> **Entries taken from a collection**:
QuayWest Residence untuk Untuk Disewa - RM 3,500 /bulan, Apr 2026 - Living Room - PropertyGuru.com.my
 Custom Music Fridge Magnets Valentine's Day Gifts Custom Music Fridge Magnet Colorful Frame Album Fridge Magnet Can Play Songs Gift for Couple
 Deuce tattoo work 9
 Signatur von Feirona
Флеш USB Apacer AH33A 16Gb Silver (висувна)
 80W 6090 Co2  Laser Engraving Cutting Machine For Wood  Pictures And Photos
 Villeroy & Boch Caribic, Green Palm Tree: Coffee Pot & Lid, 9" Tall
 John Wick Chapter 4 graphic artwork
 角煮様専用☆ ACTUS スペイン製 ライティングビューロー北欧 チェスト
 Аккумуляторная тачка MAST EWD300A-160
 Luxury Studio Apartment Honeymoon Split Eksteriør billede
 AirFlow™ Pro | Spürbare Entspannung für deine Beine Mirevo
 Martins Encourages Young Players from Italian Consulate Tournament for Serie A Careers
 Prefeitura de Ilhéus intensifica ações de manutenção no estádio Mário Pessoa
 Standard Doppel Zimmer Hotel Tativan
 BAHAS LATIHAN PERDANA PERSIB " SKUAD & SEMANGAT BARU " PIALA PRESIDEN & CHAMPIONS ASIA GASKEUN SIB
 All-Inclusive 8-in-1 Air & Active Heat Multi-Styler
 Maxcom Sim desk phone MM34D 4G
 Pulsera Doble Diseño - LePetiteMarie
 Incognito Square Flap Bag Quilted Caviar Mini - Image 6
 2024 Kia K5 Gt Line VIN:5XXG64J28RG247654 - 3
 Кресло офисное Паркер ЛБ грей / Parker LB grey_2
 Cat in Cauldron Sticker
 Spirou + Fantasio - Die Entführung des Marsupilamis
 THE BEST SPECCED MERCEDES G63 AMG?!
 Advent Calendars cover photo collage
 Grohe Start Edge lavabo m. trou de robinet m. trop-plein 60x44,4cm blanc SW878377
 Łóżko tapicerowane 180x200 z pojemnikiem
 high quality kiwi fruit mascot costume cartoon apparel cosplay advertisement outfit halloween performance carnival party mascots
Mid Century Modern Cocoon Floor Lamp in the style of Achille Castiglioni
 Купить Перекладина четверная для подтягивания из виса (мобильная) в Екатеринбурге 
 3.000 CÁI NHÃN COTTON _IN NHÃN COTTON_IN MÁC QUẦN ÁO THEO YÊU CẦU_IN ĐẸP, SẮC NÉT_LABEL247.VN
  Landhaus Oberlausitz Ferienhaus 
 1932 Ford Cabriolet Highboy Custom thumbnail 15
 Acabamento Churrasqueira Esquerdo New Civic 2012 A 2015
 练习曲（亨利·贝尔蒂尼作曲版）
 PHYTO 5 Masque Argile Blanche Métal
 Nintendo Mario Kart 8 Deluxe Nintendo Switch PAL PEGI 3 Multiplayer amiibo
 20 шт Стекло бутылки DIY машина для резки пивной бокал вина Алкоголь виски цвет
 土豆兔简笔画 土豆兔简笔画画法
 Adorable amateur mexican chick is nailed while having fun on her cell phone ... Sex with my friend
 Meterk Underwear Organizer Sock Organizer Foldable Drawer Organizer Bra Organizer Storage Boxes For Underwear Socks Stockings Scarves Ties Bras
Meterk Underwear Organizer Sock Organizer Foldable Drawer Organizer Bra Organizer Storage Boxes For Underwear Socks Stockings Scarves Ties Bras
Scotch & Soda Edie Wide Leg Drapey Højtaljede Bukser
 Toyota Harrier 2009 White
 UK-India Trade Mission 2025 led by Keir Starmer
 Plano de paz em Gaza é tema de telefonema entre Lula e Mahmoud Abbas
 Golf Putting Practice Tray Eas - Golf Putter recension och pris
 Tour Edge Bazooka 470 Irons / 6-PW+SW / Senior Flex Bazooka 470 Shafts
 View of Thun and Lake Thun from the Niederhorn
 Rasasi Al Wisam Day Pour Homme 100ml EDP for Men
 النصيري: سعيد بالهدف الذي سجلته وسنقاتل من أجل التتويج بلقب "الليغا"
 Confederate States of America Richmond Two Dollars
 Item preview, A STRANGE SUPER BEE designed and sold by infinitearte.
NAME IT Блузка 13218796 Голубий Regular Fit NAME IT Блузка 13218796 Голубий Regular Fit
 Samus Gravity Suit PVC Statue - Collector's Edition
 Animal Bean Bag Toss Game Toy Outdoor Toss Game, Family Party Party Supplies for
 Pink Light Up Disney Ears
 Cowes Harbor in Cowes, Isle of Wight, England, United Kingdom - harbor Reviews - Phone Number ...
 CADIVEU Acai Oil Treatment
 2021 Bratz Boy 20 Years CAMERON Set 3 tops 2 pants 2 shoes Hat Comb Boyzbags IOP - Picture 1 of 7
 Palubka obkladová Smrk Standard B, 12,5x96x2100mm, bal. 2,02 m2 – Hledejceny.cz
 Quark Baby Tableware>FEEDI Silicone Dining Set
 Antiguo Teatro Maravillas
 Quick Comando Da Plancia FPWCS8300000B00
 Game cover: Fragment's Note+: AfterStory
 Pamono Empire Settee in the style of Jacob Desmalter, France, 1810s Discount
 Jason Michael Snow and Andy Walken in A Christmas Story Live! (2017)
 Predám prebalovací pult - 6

> **EXERCISE DESCRIPTION**:
Set down, exactly as they appear, the lines above from the first one to the line that holds "角煮様専用☆ ACTUS スペイン製 ライティングビューロー北欧 チェスト", both included, please, and no others.

> **COMPLETED EXERCISE**:
QuayWest Residence untuk Untuk Disewa - RM 3,500 /bulan, Apr 2026 - Living Room - PropertyGuru.com.my
 Custom Music Fridge Magnets Valentine's Day Gifts Custom Music Fridge Magnet Colorful Frame Album Fridge Magnet Can Play Songs Gift for Couple
 Deuce tattoo work 9
 Signatur von Feirona
Флеш USB Apacer AH33A 16Gb Silver (висувна)
 80W 6090 Co2  Laser Engraving Cutting Machine For Wood  Pictures And Photos
 Villeroy & Boch Caribic, Green Palm Tree: Coffee Pot & Lid, 9" Tall
 John Wick Chapter 4 graphic artwork
 角煮様専用☆ ACTUS スペイン製 ライティングビューロー北欧 チェスト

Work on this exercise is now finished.